New London Gig: Singers Of Twitter II – Oct 6th!

September 21st, 2009 · Comments Off on New London Gig: Singers Of Twitter II – Oct 6th!

After the huge success of the last ‘Singers Of Twitter’ gig at Darbucka last month, we’ve got another one coming up! Yay!

We’ll be back at Darbucka, and this time, it’ll feature Ben Walker AKA @ihatemornings out of Twitter, as the musical sandwich filling in between the gluten-free bread slices of the ever-wonderful Lloyd Davis on first and lovely Lobelia and I on at the end! Hurrah! It’s on Tuesday Oct 6th, doors at 7pm, music from 7.30, at Darbucka World Music Bar, on St John’s Street in Clerkenwell, London. [Read more →]

Tags: Geek · gig dates

London gig on Aug 25th – the Singers Of Twitter :)

July 31st, 2009 · 6 Comments

This is the first proper London show in AGES for Lobelia and I, so we’re making it a special one. We’ve asked 3 of our favourite singers to join us for an amazing night of singer-songwriter-ness… and genius Ukulele magic.
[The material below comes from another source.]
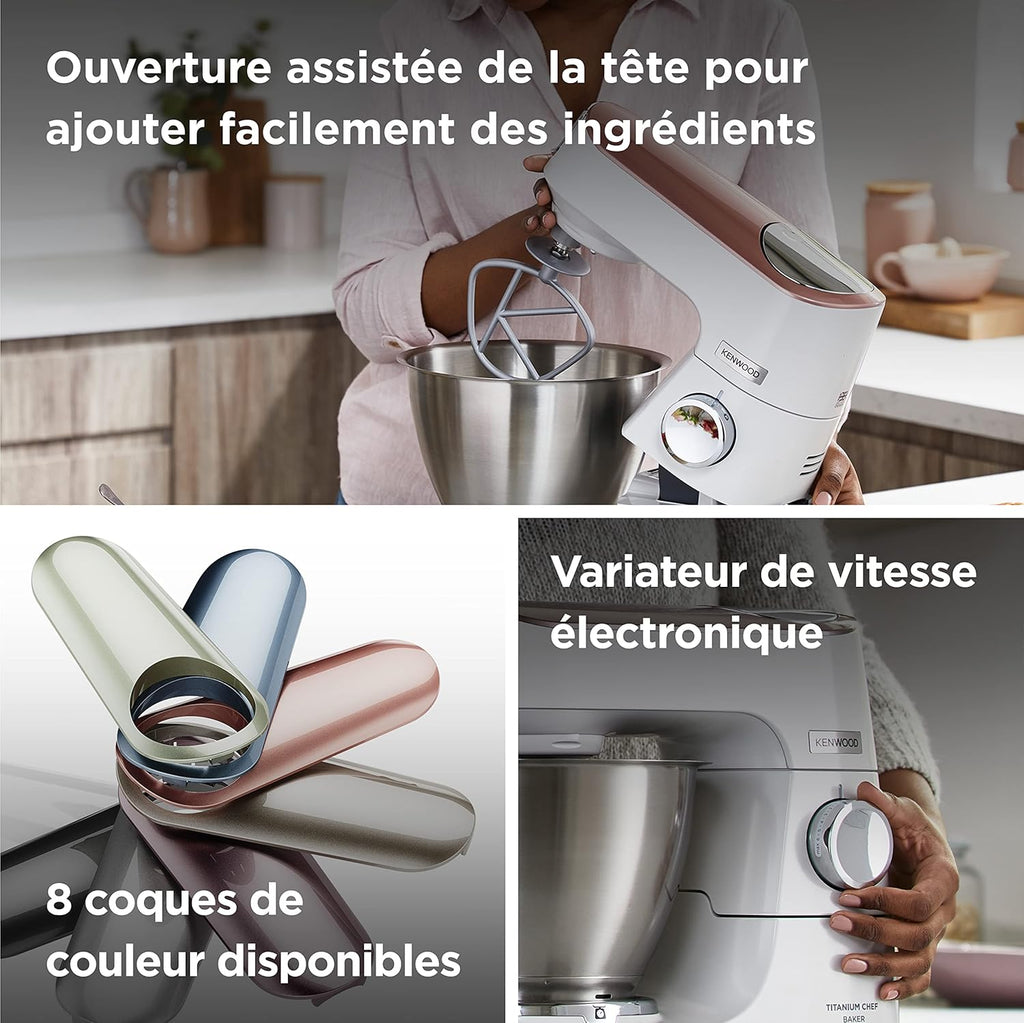 Kenwood Titanium Chef Baker KVC85.004SI Robot à pâtisserie comprenant un ensemble de 3 pâtisseries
It’ll be on Aug 25th, doors at 7pm, music from 7.30, at Darbucka World Music Bar, on St John’s Street in Clerkenwell, London. [Read more →]

Tags: gig dates · Gig stuff · Music News

Paradigm is no measure of quality – what to do when you're 'different'…

July 20th, 2008 · Comments Off on Paradigm is no measure of quality – what to do when you're 'different'…

This post is inspired by two things – firstly, a conversation I had recently with the very lovely Laura Kidd. We’d known each other quite a few weeks before she finally bothered to listen to any of the music I did, assuming that because it was solo bass it would be a load of techno-wank bass cleverness and therefor not something she’d be interested in. She eventually listened to it, probably as much out of politeness as anything, and said with a large degree of surprise the next time I saw her how much she liked it.

She was quite embarrassed, but actually her response is pretty much mine whenever I get an email or get given a CD and told ‘you’ll really like this, it’s solo bass’.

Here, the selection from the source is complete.